I dont recall posting any links and probably will not.

I mentioned one journal.

I am not coming from a creationist perspective, i am not religious and mentioned that about three times now.
i deal with this sort of thing all the time.
it's best to remember one thing:
has any of your teachers ever let you get away with saying "well gee teach, it was MAGIC ! !"?
the same applies here.
 
I brought up conservative and transitional genes, in my last post, and would like to see how the evolutionary theory deals with this molecular effect.
 
And many microscopic changes in the DNA leads to different organisms, it's just a fact.
this might not be true.
different rates of evolution implies a structure related process, not an environmental one.
maybe only ONE "defect" need arise that just happens to be the catalyst for the change.
or, one "defect" that causes a misfolded protein which happens to be the catalyst.
no, different rates of evo is most certainly structurally related.
structurally as in molecular structure.
 
maybe only ONE "defect" need arise that just happens to be the catalyst for the change.
That's definitely true. Change just one gene in the HOX complex and you get new body segmentation for example. Want legs on a fruit fly's head? That's the place to make the change.


no, different rates of evo is most certainly structurally related.
structurally as in molecular structure.
Also true. The molecular structure of DNA determines the organism's genotype and subsequently its genotype.
 
something just keeps hanging in my craw about all of this:
life and the universe, both will defy adequate description.
but will they forever?

i believe they have some complete DNA sequences from plants/ animals.
doesn't it seem just a matter of time?
the same was said after miller-urey too.
could we really be dealing with quantuum physics and the transdimensional?
 
You assume that to be true, but it's false. Nuclear decay rates are highly stable and unaffected by any of that.
Those have no effect, and if they did, science would be the first to explain it. This strikes me as a naive view coupled with a cynical opinion of science.

You should look into that further. I have credible links that say otherwise, i suggest you search them and let me know what you think. What I am referring to only matters for long term where the sun and earth were much different, which has to be accounted for and the reasons should be obvious. I am talking about immense differences, I suspect the Sun comes into play here.
Conditions on the Sun have no effect on the stability of nuclear decay rates on Earth*. Since around 75% the strata contain evidence of life, we know that the temperatures were mild for the vast majority of time they have been decaying, so that's not an issue either.
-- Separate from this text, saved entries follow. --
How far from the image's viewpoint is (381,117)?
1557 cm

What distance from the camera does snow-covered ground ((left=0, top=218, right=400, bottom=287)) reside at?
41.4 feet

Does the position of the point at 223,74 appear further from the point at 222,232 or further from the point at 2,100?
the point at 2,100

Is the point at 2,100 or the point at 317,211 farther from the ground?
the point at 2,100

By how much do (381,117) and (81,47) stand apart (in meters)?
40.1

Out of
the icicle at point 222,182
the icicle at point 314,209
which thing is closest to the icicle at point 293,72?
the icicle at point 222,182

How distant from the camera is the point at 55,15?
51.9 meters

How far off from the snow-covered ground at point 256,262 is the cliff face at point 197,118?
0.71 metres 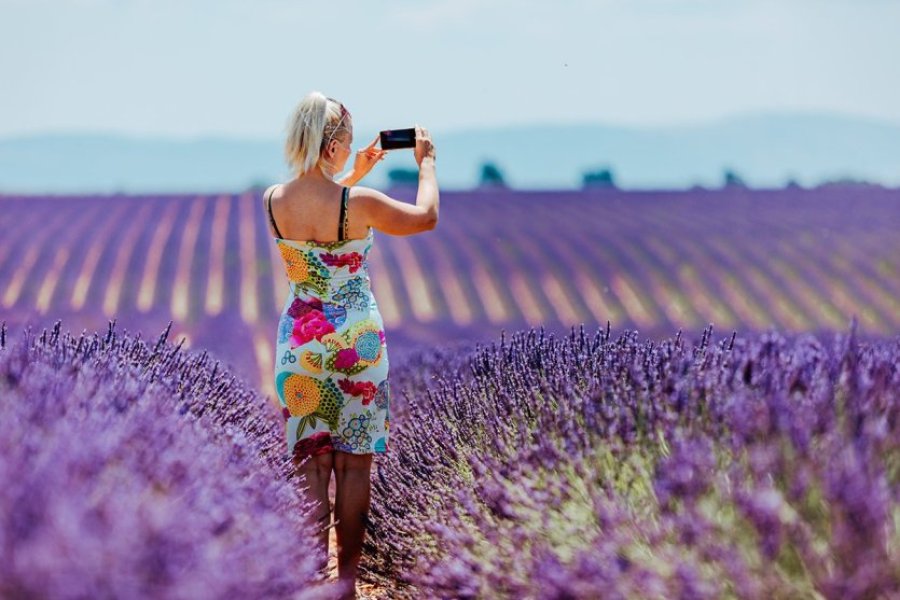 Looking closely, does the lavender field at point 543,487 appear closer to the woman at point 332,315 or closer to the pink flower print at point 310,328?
the woman at point 332,315

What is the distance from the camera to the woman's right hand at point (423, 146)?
3.84m

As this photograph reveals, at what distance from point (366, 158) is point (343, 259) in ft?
1.81

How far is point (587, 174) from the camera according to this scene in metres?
24.1

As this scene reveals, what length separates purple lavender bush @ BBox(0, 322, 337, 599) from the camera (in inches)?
66.1

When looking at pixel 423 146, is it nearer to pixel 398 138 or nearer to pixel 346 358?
pixel 398 138

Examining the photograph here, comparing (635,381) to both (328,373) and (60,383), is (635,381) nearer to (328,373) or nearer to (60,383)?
(328,373)

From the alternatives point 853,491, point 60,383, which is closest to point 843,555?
point 853,491

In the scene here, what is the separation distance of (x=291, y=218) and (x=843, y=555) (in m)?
2.12

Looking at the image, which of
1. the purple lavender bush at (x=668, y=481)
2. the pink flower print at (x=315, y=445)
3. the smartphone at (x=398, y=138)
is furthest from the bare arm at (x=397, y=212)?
the pink flower print at (x=315, y=445)

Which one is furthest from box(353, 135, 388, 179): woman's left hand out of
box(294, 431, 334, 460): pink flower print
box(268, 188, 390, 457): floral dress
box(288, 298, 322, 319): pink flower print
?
box(294, 431, 334, 460): pink flower print

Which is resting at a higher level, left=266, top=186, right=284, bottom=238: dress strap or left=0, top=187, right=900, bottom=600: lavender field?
left=266, top=186, right=284, bottom=238: dress strap

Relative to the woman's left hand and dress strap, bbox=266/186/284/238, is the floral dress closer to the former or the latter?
dress strap, bbox=266/186/284/238

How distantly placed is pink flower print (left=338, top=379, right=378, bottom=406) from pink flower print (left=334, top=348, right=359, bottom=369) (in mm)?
54

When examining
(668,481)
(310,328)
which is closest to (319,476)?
(310,328) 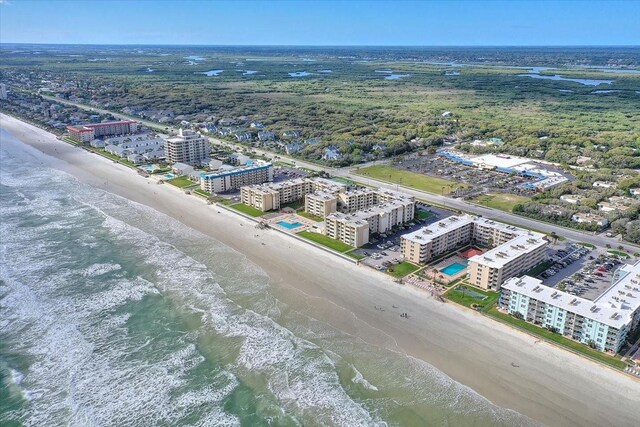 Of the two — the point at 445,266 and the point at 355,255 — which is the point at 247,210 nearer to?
the point at 355,255

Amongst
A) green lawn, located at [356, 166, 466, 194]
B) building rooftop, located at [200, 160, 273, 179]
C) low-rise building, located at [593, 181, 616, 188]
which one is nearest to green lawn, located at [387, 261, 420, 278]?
green lawn, located at [356, 166, 466, 194]

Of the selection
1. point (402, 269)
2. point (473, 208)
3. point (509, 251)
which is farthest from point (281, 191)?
point (509, 251)

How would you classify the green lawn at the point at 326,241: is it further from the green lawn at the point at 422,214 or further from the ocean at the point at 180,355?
the green lawn at the point at 422,214

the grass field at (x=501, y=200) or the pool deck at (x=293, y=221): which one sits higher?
the pool deck at (x=293, y=221)

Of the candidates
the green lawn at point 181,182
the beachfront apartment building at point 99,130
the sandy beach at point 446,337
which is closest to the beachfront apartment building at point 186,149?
the green lawn at point 181,182

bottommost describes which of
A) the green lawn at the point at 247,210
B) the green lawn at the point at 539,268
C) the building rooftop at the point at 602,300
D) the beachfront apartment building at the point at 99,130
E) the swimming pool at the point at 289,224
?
the green lawn at the point at 539,268

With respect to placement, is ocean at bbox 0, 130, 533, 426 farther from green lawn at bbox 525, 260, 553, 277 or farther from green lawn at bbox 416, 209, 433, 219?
green lawn at bbox 416, 209, 433, 219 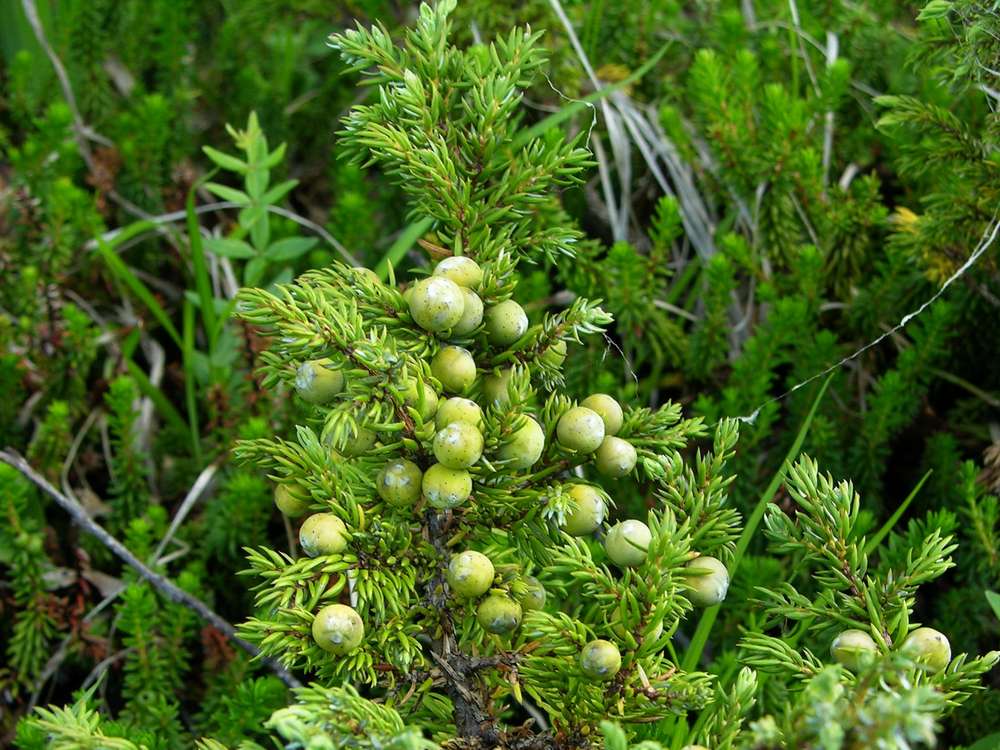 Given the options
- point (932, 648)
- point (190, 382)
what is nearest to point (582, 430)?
point (932, 648)

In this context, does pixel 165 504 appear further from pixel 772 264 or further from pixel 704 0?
pixel 704 0

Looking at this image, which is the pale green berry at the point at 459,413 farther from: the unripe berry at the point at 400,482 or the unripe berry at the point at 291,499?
the unripe berry at the point at 291,499

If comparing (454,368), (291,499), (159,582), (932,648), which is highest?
(454,368)

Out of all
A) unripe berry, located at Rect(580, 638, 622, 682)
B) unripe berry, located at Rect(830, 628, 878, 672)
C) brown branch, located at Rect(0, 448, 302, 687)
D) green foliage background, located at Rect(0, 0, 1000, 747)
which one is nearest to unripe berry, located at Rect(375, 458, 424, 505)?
unripe berry, located at Rect(580, 638, 622, 682)

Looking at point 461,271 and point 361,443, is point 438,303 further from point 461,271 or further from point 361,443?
point 361,443

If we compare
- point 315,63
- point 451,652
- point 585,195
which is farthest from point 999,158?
point 315,63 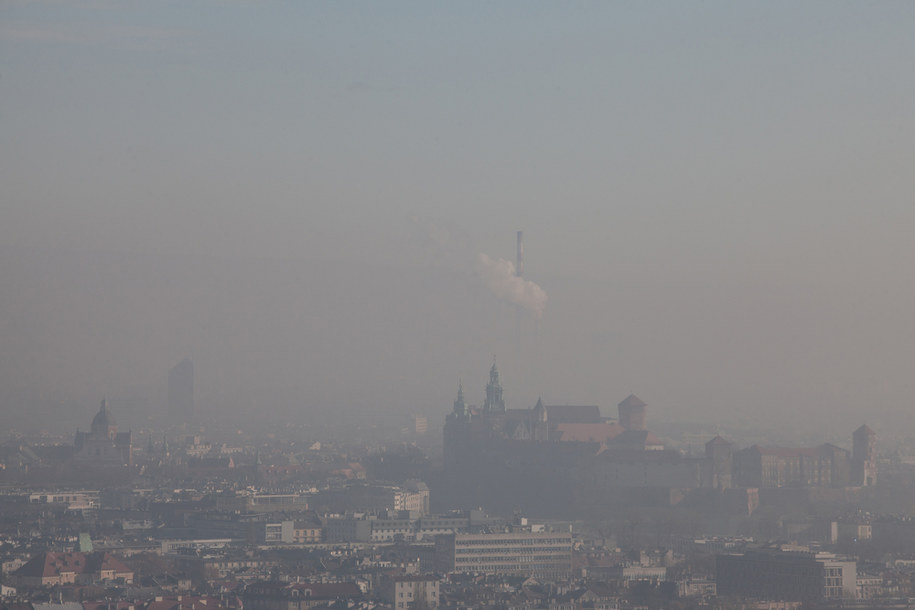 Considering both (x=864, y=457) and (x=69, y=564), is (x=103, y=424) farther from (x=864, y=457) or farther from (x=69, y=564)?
(x=69, y=564)

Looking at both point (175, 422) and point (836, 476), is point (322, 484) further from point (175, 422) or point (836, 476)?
point (175, 422)

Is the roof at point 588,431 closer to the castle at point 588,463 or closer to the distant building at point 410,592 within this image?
the castle at point 588,463

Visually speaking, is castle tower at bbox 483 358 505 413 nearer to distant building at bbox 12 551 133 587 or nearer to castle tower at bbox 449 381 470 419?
castle tower at bbox 449 381 470 419

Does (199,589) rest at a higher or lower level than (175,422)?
lower

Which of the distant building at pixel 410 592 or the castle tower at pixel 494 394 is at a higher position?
the castle tower at pixel 494 394

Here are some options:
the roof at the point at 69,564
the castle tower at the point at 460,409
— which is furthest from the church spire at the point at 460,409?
the roof at the point at 69,564

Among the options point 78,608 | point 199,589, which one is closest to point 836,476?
point 199,589

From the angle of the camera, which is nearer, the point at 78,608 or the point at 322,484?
the point at 78,608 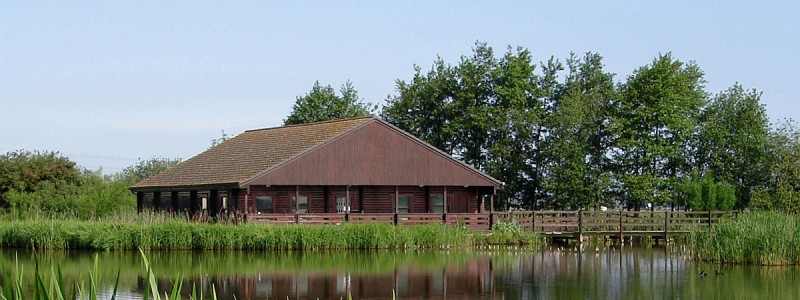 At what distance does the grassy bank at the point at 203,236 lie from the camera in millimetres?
35500

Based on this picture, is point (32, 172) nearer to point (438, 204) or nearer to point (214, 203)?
point (214, 203)

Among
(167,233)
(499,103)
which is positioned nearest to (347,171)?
(167,233)

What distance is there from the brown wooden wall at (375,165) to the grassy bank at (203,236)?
6327 millimetres

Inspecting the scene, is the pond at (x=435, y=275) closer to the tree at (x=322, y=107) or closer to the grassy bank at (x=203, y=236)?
the grassy bank at (x=203, y=236)

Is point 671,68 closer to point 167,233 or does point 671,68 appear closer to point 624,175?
point 624,175

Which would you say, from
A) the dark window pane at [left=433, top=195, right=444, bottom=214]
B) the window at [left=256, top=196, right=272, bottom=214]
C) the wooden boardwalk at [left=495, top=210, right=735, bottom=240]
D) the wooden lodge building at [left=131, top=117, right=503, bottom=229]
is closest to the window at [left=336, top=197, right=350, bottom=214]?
the wooden lodge building at [left=131, top=117, right=503, bottom=229]

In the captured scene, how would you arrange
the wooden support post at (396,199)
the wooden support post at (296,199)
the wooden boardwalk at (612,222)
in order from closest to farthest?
the wooden support post at (296,199) < the wooden support post at (396,199) < the wooden boardwalk at (612,222)

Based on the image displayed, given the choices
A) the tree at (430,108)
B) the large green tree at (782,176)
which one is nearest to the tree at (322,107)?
the tree at (430,108)

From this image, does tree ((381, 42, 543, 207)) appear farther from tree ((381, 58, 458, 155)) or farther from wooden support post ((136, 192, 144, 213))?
wooden support post ((136, 192, 144, 213))

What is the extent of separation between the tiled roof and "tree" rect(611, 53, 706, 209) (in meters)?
15.2

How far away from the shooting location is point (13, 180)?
163ft

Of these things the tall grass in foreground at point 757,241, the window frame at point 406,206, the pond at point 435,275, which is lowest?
the pond at point 435,275

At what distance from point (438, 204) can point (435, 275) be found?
19.8m

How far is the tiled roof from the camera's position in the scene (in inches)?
1757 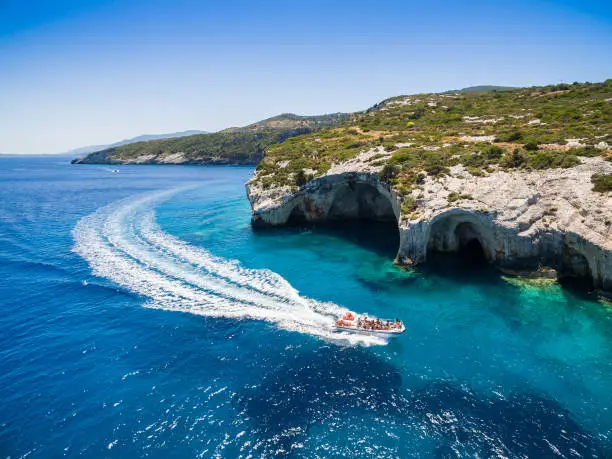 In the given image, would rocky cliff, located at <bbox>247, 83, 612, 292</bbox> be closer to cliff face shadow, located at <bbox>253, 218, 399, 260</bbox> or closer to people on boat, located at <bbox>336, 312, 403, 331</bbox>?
cliff face shadow, located at <bbox>253, 218, 399, 260</bbox>

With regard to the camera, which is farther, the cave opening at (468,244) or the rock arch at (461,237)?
the cave opening at (468,244)

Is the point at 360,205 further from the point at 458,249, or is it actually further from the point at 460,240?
the point at 458,249

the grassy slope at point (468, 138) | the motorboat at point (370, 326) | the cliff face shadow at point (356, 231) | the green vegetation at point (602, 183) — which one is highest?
the grassy slope at point (468, 138)

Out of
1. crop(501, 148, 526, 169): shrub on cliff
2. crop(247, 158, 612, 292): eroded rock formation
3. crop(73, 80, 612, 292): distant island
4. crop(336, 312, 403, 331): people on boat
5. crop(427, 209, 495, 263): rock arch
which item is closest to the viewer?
crop(336, 312, 403, 331): people on boat

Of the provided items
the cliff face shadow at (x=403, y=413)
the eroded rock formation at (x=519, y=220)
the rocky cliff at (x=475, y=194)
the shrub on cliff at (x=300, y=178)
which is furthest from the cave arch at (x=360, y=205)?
the cliff face shadow at (x=403, y=413)

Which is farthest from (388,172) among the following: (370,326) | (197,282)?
(197,282)

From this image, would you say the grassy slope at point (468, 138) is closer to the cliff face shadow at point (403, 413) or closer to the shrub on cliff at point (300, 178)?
the shrub on cliff at point (300, 178)

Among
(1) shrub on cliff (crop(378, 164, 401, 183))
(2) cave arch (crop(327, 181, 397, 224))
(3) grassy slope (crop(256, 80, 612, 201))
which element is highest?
(3) grassy slope (crop(256, 80, 612, 201))

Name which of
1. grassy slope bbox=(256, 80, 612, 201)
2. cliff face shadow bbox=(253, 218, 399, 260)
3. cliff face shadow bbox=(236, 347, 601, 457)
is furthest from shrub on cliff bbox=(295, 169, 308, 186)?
cliff face shadow bbox=(236, 347, 601, 457) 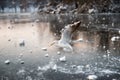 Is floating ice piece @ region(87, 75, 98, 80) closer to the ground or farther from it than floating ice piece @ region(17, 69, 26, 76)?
farther from it

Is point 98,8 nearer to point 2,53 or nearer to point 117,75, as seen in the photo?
point 2,53

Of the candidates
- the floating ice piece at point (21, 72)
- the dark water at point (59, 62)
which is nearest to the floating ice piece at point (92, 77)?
the dark water at point (59, 62)

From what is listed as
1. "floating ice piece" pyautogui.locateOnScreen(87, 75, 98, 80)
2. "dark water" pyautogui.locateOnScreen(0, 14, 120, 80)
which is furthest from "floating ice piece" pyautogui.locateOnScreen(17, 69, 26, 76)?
"floating ice piece" pyautogui.locateOnScreen(87, 75, 98, 80)

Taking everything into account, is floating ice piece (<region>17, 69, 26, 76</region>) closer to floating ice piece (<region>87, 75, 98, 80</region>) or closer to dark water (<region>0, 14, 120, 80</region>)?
dark water (<region>0, 14, 120, 80</region>)

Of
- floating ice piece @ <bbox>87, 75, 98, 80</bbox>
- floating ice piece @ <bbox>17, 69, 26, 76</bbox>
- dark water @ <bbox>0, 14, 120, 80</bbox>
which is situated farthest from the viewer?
floating ice piece @ <bbox>17, 69, 26, 76</bbox>

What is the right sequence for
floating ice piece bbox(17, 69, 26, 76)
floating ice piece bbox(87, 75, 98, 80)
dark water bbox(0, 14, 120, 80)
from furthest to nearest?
1. floating ice piece bbox(17, 69, 26, 76)
2. dark water bbox(0, 14, 120, 80)
3. floating ice piece bbox(87, 75, 98, 80)

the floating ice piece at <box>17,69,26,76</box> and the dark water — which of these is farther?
the floating ice piece at <box>17,69,26,76</box>

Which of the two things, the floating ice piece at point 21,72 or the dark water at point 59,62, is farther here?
the floating ice piece at point 21,72

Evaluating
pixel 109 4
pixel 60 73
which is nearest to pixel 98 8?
pixel 109 4

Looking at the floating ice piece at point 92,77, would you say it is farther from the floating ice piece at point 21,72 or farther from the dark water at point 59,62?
the floating ice piece at point 21,72

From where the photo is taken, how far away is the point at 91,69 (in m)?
9.50

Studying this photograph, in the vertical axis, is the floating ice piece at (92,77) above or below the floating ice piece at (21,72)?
above

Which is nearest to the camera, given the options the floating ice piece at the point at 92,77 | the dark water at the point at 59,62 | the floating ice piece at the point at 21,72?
the floating ice piece at the point at 92,77

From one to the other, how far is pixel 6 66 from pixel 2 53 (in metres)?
2.46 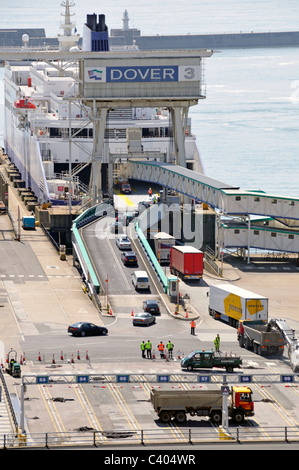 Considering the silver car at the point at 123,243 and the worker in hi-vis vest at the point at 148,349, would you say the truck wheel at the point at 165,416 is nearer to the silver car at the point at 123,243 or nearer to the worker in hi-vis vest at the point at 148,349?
the worker in hi-vis vest at the point at 148,349

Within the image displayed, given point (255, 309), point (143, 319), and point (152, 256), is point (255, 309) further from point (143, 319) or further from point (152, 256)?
point (152, 256)

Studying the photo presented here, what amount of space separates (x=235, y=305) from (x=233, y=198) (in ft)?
74.7

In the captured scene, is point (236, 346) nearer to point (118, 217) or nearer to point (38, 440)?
point (38, 440)

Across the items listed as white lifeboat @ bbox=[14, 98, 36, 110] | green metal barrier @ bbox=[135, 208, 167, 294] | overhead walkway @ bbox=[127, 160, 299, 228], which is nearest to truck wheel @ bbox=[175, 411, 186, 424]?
green metal barrier @ bbox=[135, 208, 167, 294]

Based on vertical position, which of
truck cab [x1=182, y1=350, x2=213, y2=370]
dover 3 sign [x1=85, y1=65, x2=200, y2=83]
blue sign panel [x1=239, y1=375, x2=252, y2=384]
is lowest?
truck cab [x1=182, y1=350, x2=213, y2=370]

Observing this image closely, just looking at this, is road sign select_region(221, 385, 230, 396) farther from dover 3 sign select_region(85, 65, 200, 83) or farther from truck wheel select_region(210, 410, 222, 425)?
dover 3 sign select_region(85, 65, 200, 83)

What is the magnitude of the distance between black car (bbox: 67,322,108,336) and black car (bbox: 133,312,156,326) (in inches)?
138

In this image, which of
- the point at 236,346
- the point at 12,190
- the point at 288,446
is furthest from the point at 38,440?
the point at 12,190

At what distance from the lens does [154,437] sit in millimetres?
52375

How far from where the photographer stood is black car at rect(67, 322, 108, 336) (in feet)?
243

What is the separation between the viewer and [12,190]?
13275cm

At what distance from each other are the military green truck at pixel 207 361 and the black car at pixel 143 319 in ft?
36.0

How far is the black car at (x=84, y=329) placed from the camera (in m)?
74.2

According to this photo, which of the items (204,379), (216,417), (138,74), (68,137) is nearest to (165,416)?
(216,417) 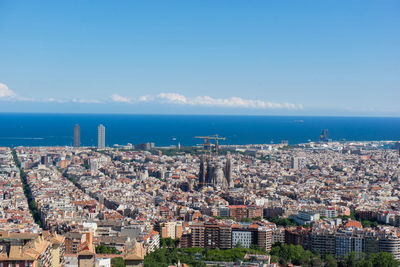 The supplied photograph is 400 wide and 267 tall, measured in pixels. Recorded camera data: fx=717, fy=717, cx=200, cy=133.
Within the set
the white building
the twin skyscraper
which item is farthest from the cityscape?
the twin skyscraper

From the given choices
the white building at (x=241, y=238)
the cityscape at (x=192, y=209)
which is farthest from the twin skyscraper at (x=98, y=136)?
the white building at (x=241, y=238)

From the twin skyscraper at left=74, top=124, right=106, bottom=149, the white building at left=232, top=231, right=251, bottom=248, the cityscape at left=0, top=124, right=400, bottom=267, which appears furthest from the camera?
the twin skyscraper at left=74, top=124, right=106, bottom=149

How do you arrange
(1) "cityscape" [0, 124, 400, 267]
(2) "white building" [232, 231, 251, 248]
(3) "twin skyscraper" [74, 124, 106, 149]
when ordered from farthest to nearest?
1. (3) "twin skyscraper" [74, 124, 106, 149]
2. (2) "white building" [232, 231, 251, 248]
3. (1) "cityscape" [0, 124, 400, 267]

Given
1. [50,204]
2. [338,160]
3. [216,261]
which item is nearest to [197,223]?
[216,261]

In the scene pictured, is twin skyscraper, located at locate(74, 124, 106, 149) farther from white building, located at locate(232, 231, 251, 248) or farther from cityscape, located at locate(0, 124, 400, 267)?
white building, located at locate(232, 231, 251, 248)

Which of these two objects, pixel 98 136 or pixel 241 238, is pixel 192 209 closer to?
pixel 241 238

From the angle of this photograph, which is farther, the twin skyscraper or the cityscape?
the twin skyscraper

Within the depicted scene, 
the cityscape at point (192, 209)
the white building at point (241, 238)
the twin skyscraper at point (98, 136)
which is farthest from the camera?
the twin skyscraper at point (98, 136)

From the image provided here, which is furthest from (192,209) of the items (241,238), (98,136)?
(98,136)

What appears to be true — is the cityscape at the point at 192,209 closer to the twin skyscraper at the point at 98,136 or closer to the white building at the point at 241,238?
the white building at the point at 241,238

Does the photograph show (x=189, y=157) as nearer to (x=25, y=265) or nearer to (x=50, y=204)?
(x=50, y=204)

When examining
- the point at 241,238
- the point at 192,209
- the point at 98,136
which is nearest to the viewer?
the point at 241,238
Ash is irrelevant, since any ash that fell into the magma would be the same age as the gneiss that formed from it. There is nothing else about the conditions of Earth in the early days of rock formation that has any bearing on rates that particles began to decay once the oldest rocks formed.

Again, this thinking is invalid in the way it is both naive and cynical. Without critical objectivity, you can be sure you will get the wrong answers.

EDIT
*that is, not significantly.
I suggest you take a look at the journal Astroparticle Physics, it states otherwise. Also, massive solar flare strikes affect nuclear decay rates on Earth. Much if this is so new you dont know about it, it is peer reviewed and fleshed out though.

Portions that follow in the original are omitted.